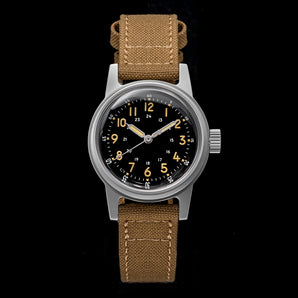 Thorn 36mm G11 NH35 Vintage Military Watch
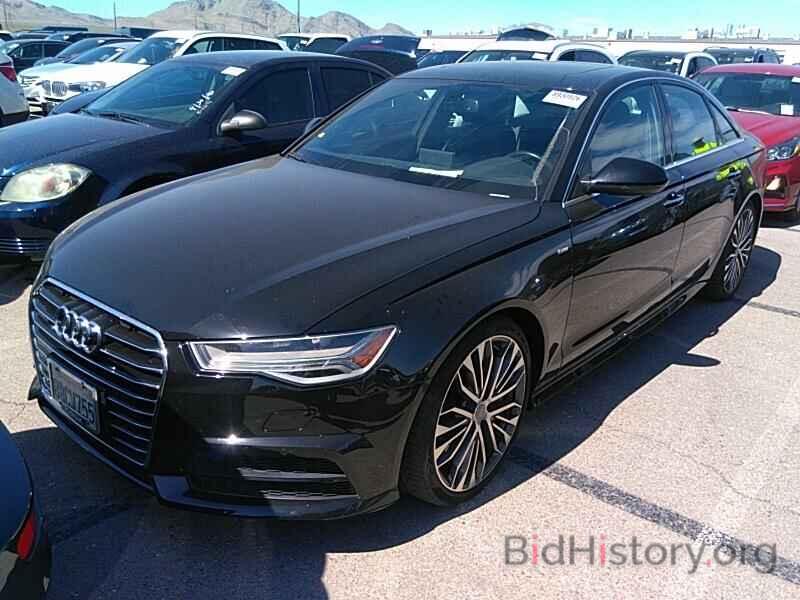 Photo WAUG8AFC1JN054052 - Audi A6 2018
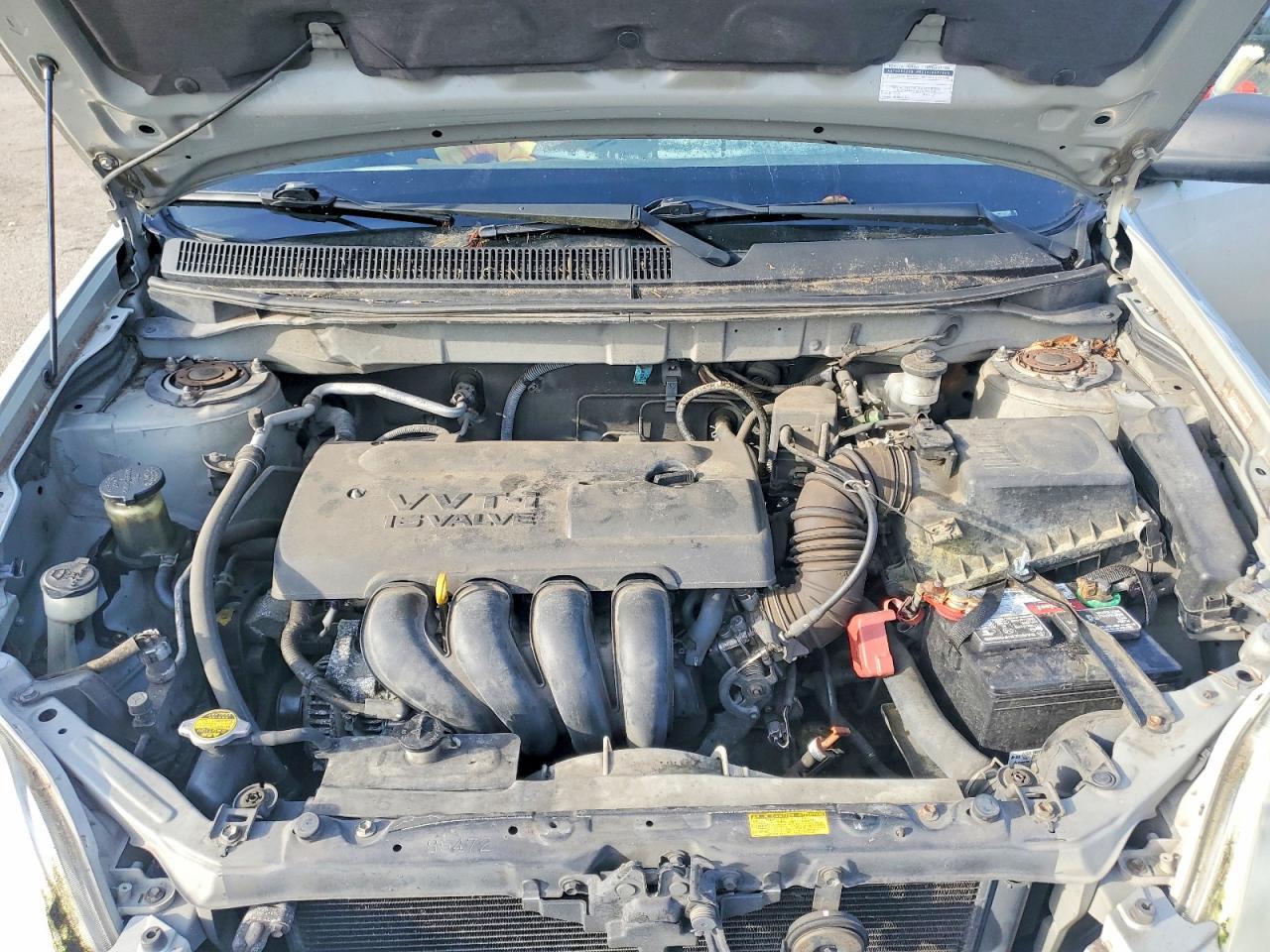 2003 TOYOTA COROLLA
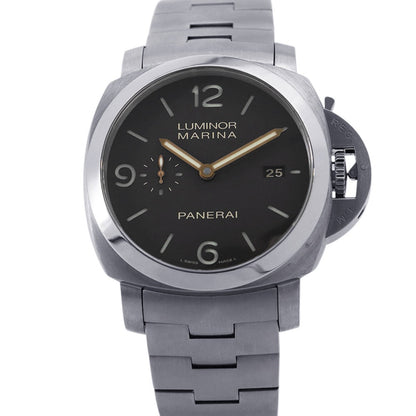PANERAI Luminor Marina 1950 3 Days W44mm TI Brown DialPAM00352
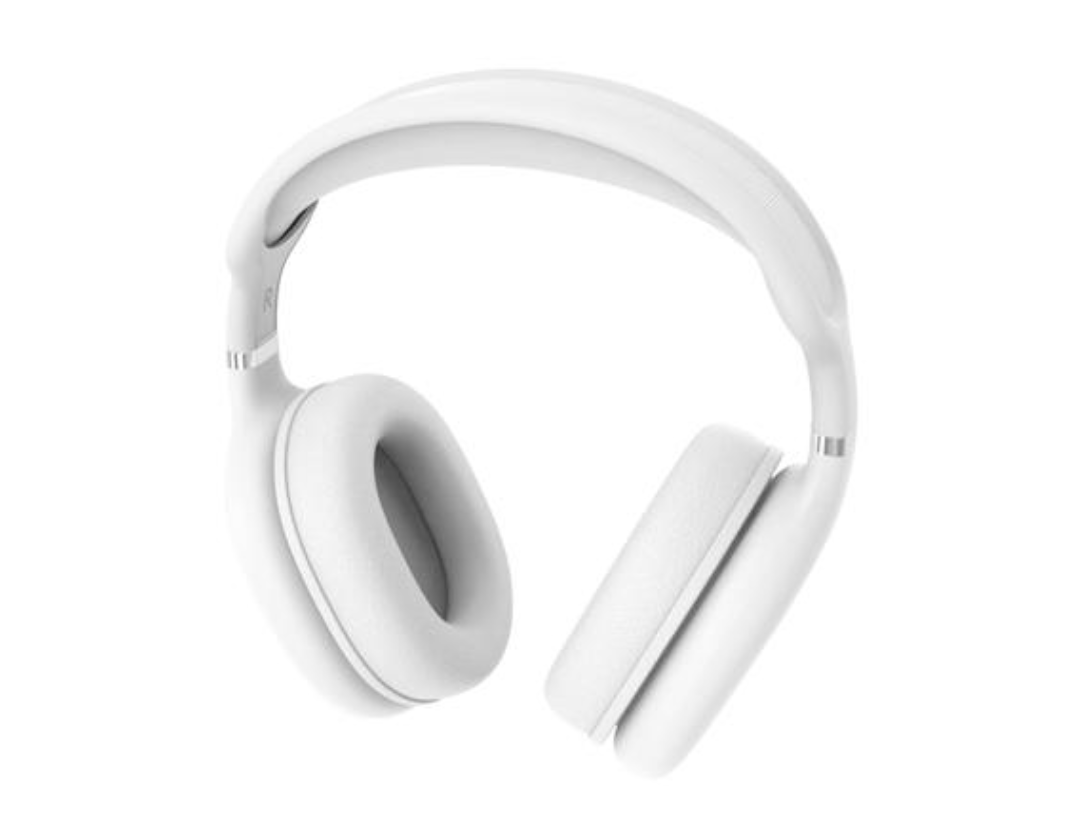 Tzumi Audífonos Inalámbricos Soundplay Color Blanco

==

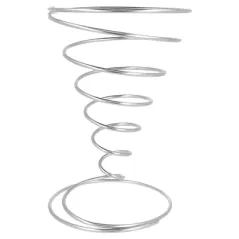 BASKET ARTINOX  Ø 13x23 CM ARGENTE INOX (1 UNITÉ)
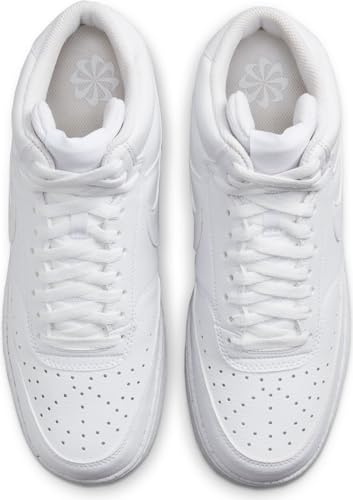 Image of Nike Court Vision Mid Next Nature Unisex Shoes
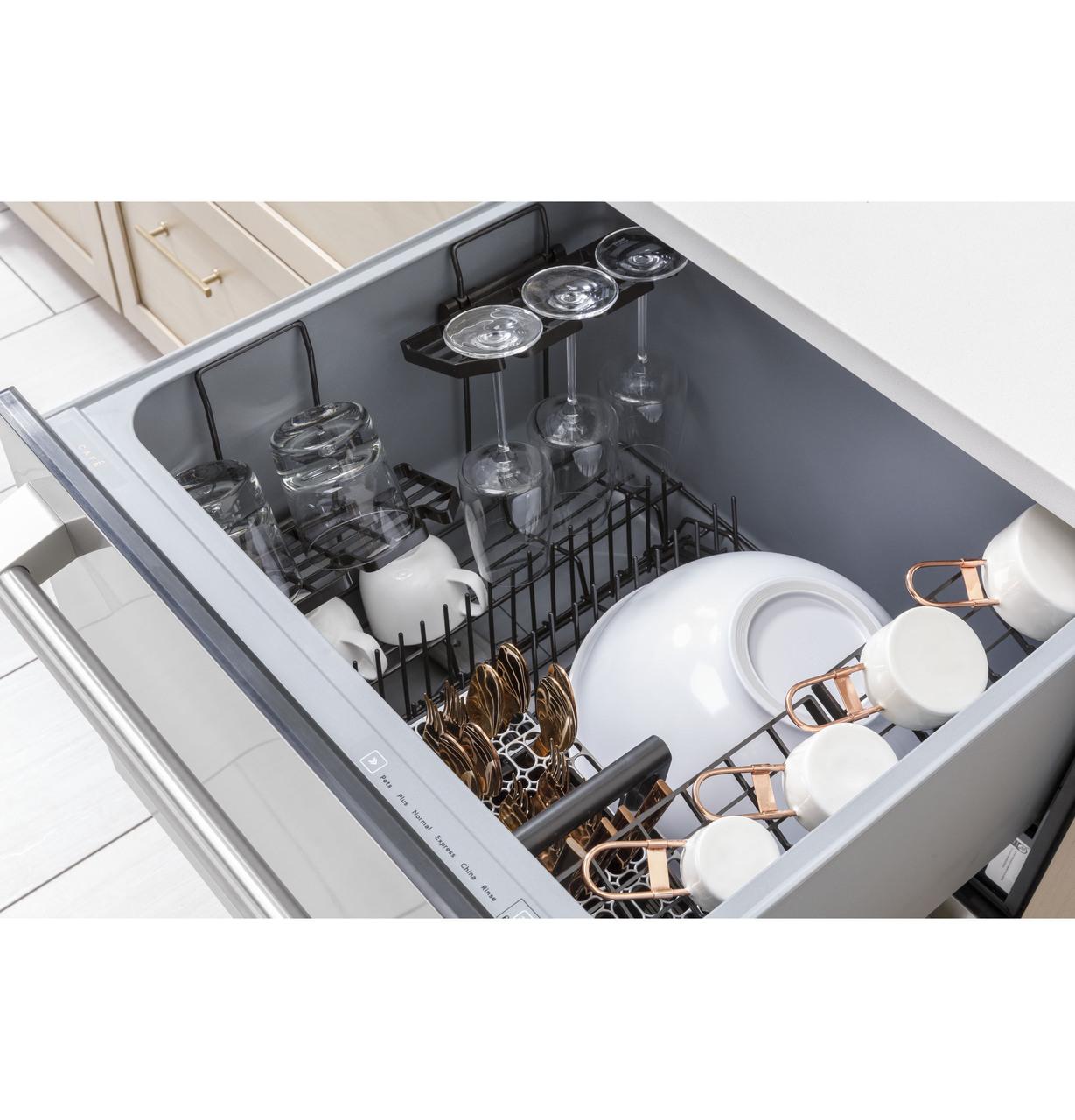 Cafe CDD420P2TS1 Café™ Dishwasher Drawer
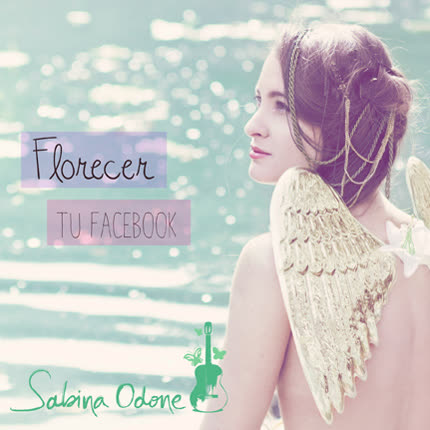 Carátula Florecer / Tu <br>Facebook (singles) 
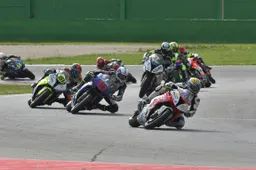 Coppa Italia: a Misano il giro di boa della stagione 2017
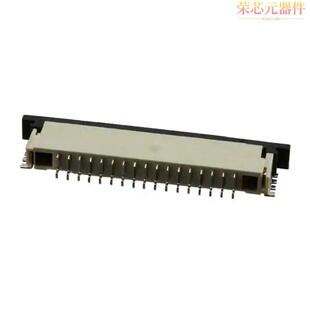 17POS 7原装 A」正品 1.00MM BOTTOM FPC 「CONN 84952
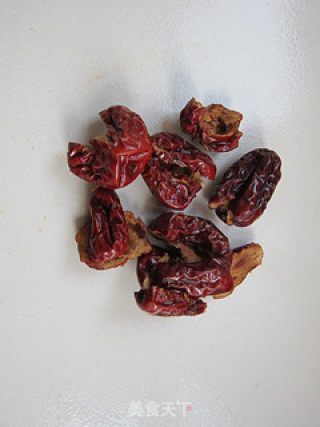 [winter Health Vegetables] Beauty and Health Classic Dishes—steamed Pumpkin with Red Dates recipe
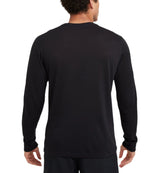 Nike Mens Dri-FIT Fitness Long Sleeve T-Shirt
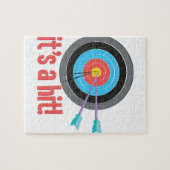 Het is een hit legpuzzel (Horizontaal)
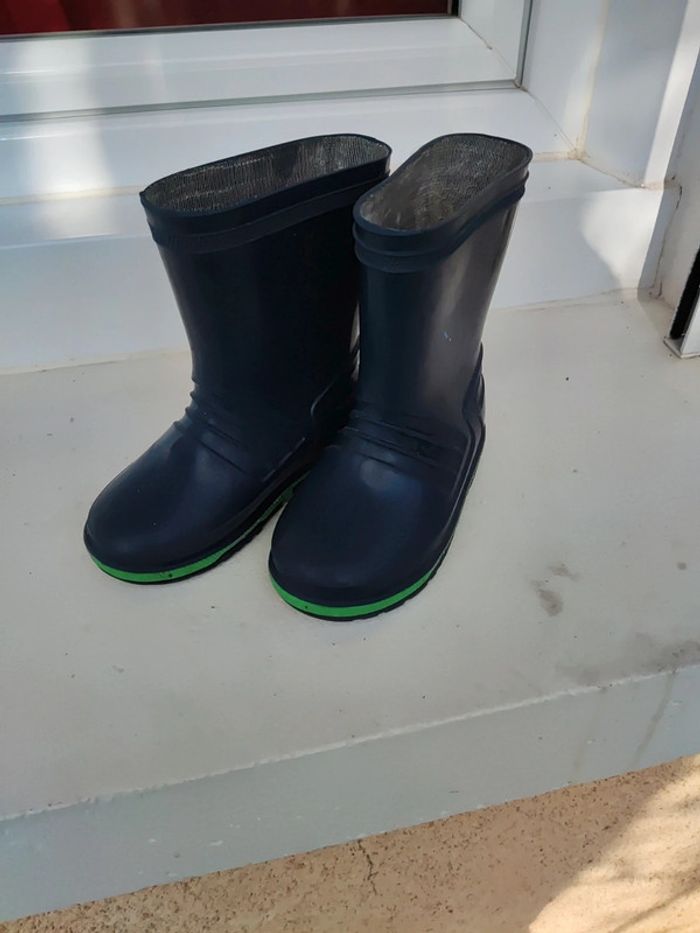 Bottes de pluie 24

==

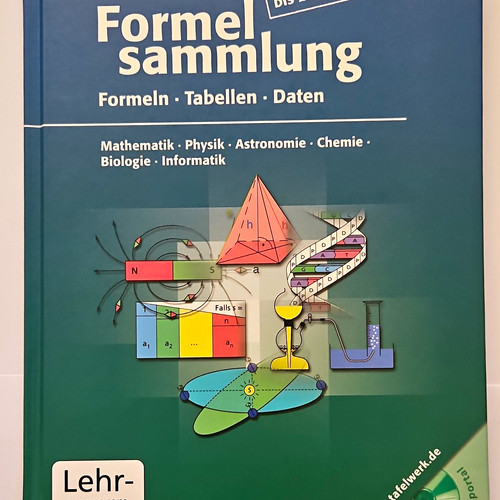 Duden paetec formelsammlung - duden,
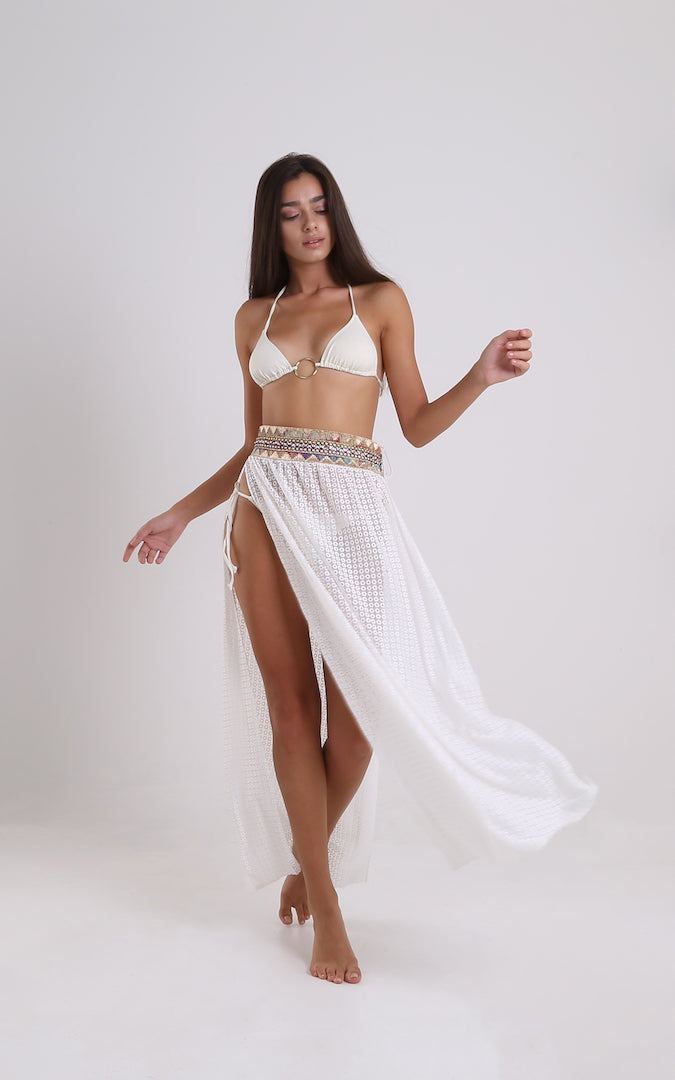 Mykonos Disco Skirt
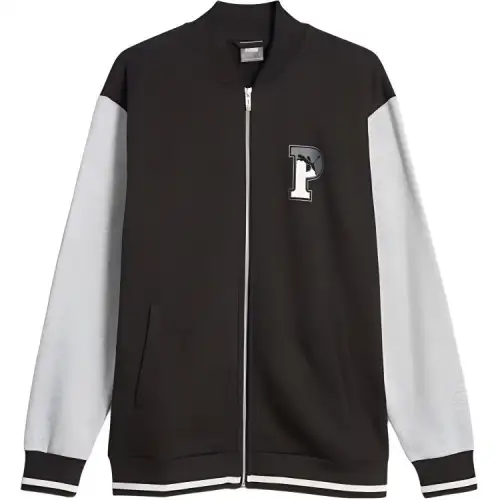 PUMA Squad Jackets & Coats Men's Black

- TASK INSTRUCTIONS
Within the listing above, find the line containing "Coppa Italia: a" and the line containing "Bottes de pluie 24". Transcribe them and everything between them exactly, leaving out the pictures.

- SOLUTION TO THIS PROBLEM
 Coppa Italia: a Misano il giro di boa della stagione 2017
 17POS 7原装 A」正品 1.00MM BOTTOM FPC 「CONN 84952
 [winter Health Vegetables] Beauty and Health Classic Dishes—steamed Pumpkin with Red Dates recipe
 Nike Mens Dri-FIT Fitness Long Sleeve T-Shirt
 Het is een hit legpuzzel (Horizontaal)
 Bottes de pluie 24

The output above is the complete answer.